Parte la collaborazione mensile di Giovanni Cutolo con Webnapoli24 per la rubrica "Riflessioni meridionaliste"...
Nella vita, in quella degli uomini come in quella dei popoli, alle volte si vince e altre invece si perde. Occorre però sottolineare che si può vincere bene o male, così come si può perdere bene o male.
Alla luce di questa premessa dovremmo convenire sul fatto che la vicenda storica che condusse all’unità d’Italia soffrì, ha molto sofferto e ancora molto soffre, del mediocre comportamento di entrambe i contendenti. Andrebbe da parte nostra onestamente riconosciuto con autocritico coraggio il fatto incontrovertibile che, se da un lato i piemontesi si comportarono come dei pessimi vincitori, dall’altro noi napoletani fummo dei pessimi perdenti, che si comportarono in maniera forse ancora peggiore.
Resisto alla tentazione di ritornare sulle malefatte e sulle innumerevoli prove dell’inopportuna crudeltà dell’esercito piemontese in quella che fu a tutti gli effetti una guerra civile e sulle ancora più numerose prove della ottusità politica dei piemontesi come vincitori. Sono tutte cose documentate, ampiamente descritte e variamente raccontate da autori come Ciano, Di Fiore, Aprile, Patruno e tanti altri, meritori protagonisti della stagione di quel nuovo revisionismo storico venuto alla ribalta da una decina di anni a questa parte.
Vorrei invece fare una riflessione rispetto al comportamento tenuto da noi perdenti, napoletani e altre genti del Sud, a partire dal momento in cui, centocinquantaquattro anni fa, perdemmo la guerra e con essa un’indipendenza (?) durata oltre settecento anni.
Poco meno di centocinquanta anni prima, per l’esattezza l’11 Settembre 1714, i catalani perdevano la loro indipendenza, sconfitti militarmente dalle truppe spagnole guidate da Filippo V di Borbone (sic!).
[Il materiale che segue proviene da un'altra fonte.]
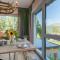 Wanderlust Mountain Chalet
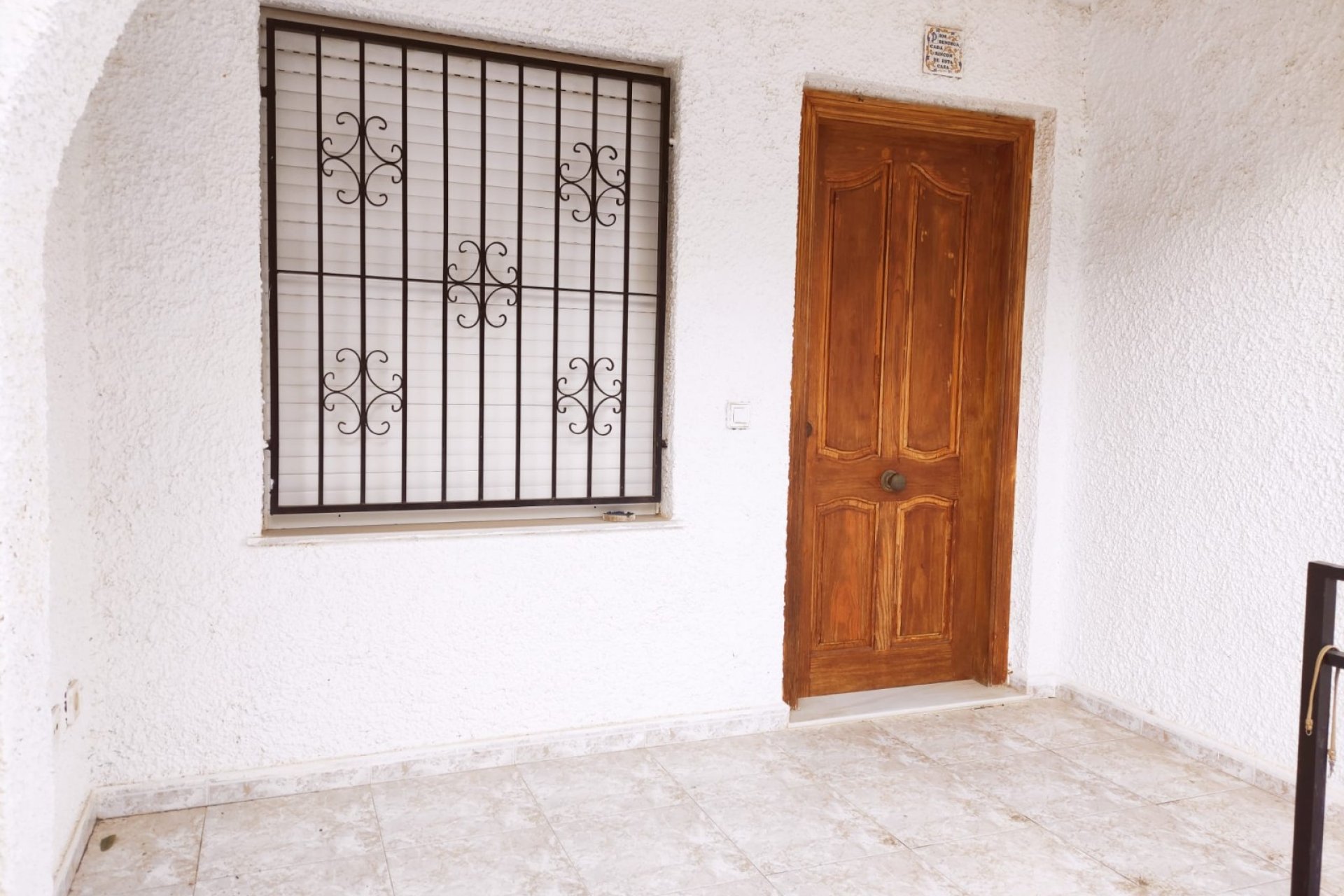 Sale - Townhouse - Los Alcázares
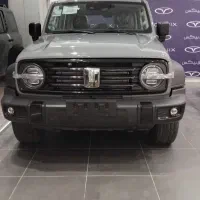 ثبتنام تانک۳۰۰ مونتاژی
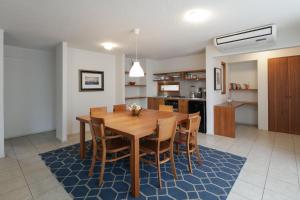 Apartamentos West End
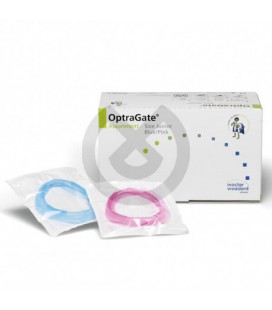 Optragate assortiment Bleu et Rose 23803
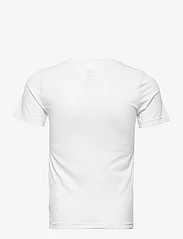adidas Originals - TEE - kortermede t-skjorter - white - 1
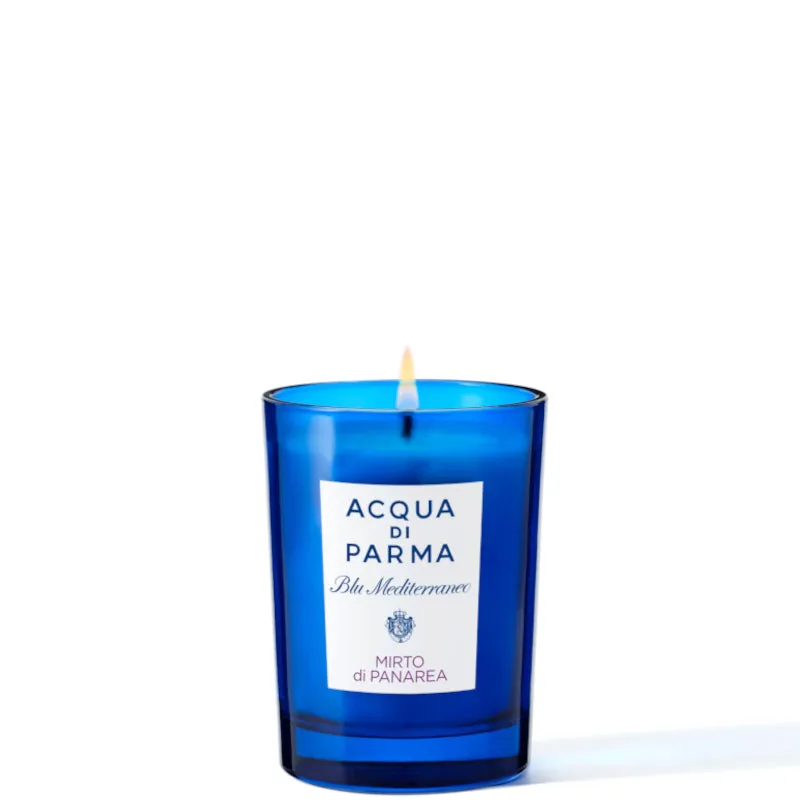 Acqua di Parma Blu Mediterraneo Mirto di Panarea 200 gr - 200 gr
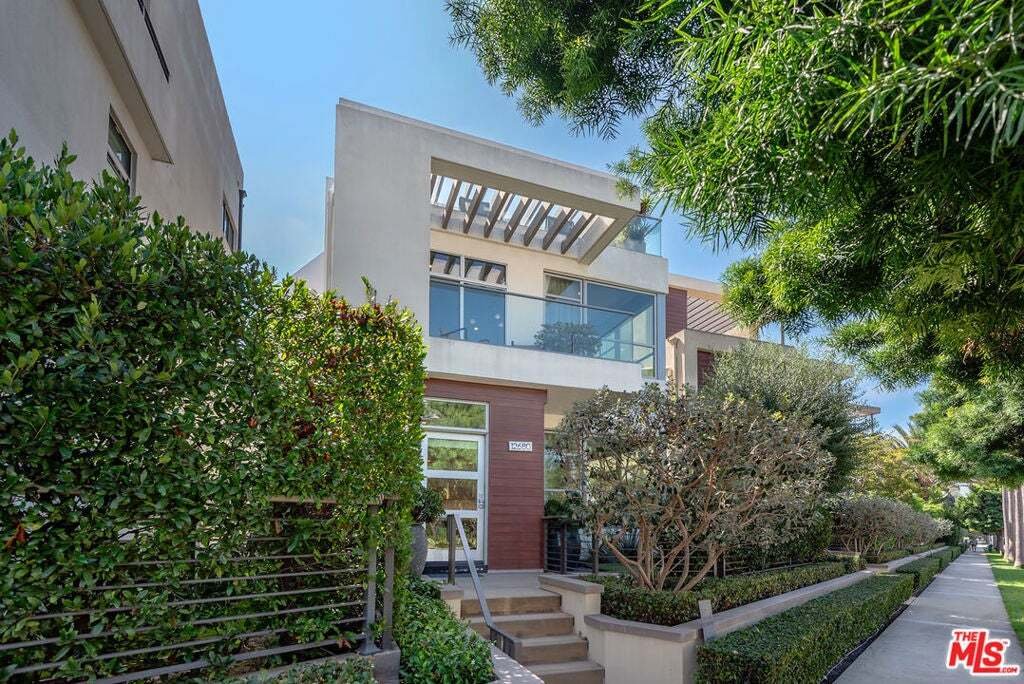 Casa en Los Ángeles, California, Estados Unidos 1 - 19062268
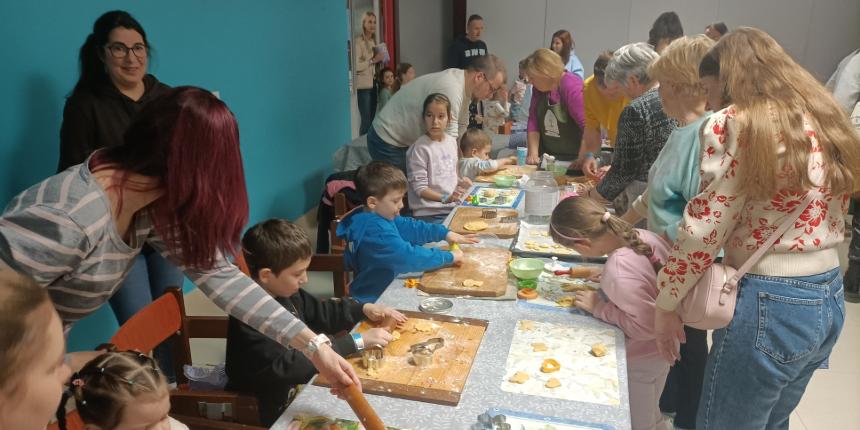 H�sv�tv�r� Csal�di D�lut�n 2026.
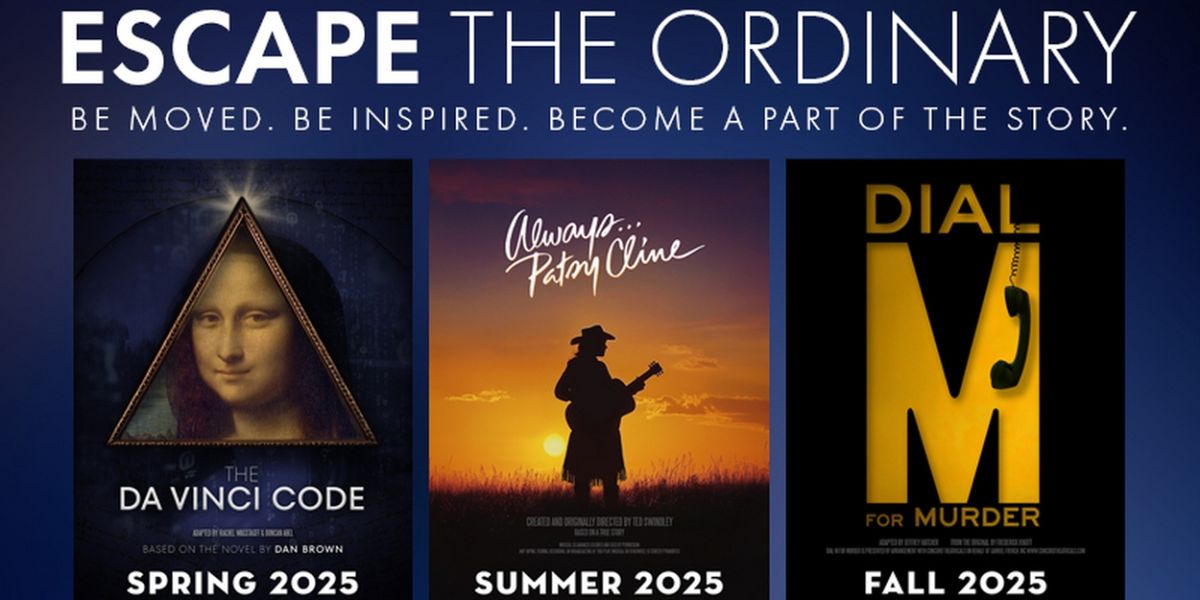 Special Offer: DRURY LANE'S 2025-26 SEASON at Drury Lane Theatre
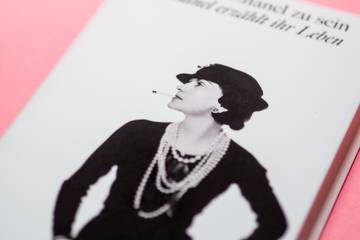 Podcast: Hablemos de Coco Chanel (Elle Mexico)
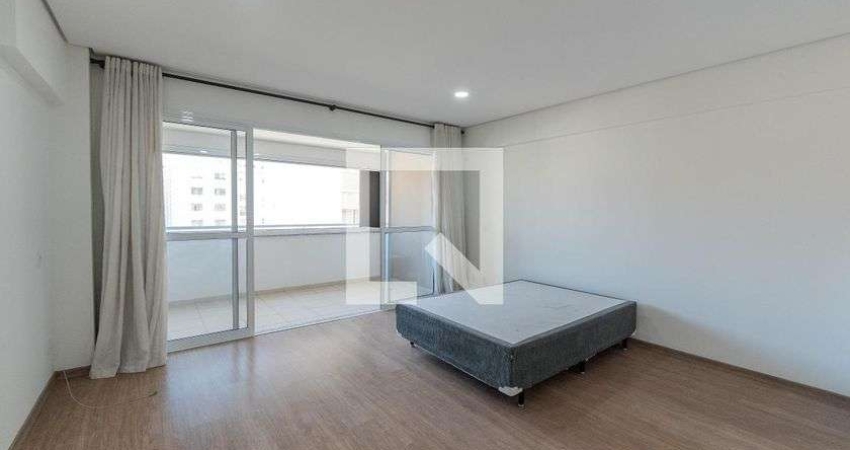 Kitnet / Stúdio para Aluguel - Bela Vista, 1 Quarto,  39 m² - São Paulo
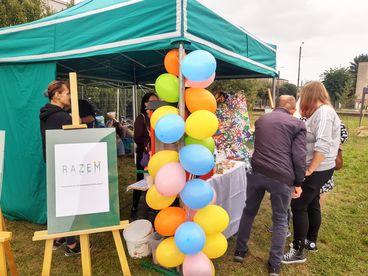 Wieluński Festiwal Aktywności Społecznej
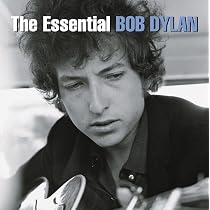 The Essential Bob Dylan: Dylan, Bob: Amazon.ca: Music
Trecento anni fa i catalani persero la guerra contro gli spagnoli e furono espropriati di quasi tutto; persero il diritto all’autogoverno e con esso dovettero rinunciare all’utilizzo dei simboli caratteristici della propria autonomia. Per oltre quarant’anni, essendosi macchiati della colpa di aver combattuto contro la dittatura franchista come catalani, ma anche e soprattutto come anarchici, comunisti e socialisti, furono privati persino della bandiera, della lingua e del diritto di riunione in numero superiore a cinque individui e addirittura di danzare la sardana all’uscita dalla chiesa la domenica.
Trecento anni fa i catalani persero militarmente ma non civilmente, essendo riusciti a conservare sino a oggi un diffuso e orgoglioso senso di appartenenza che li ha aiutati a rimanere catalani. Da oltre cento anni in Catalogna l’11 Settembre è giornata di festa (sic!) per ricordare la sconfitta, ripeto, la sconfitta subita nel 1714! Nelle scuole di Barcellona, dalle materne all’Università si parla e si studia in catalano e lo spagnolo è obbligatorio, ma è la seconda lingua soltanto.
Oggi la Catalogna gode di una notevole autonomia ma ancora si batte per ottenere il riconoscimento di nazione e l’indipendenza e poi, chissà, riunirsi alla Spagna all’interno di un nuovo patto federale. Sono passati trecento anni e i catalani continuano a lottare politicamente e, per conservare la propria memoria storica, continuano a celebrare una sconfitta!!! E noi?